| DATA RECORDS |

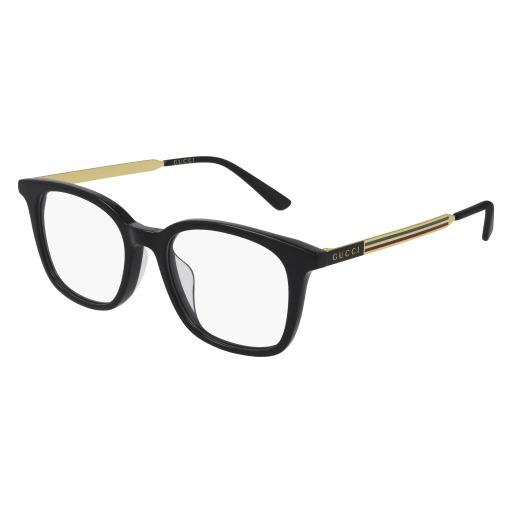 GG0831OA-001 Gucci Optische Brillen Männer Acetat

---

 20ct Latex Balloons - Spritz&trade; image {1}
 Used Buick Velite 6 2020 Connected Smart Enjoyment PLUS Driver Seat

| WORK ITEM |
Would you print exactly, and only, the lines of the data above from the line with "20ct Latex Balloons" through the line with "Used Buick Velite", inclusive?

| EXERCISE RESULT |
 20ct Latex Balloons - Spritz&trade; image {1}
 Used Buick Velite 6 2020 Connected Smart Enjoyment PLUS Driver Seat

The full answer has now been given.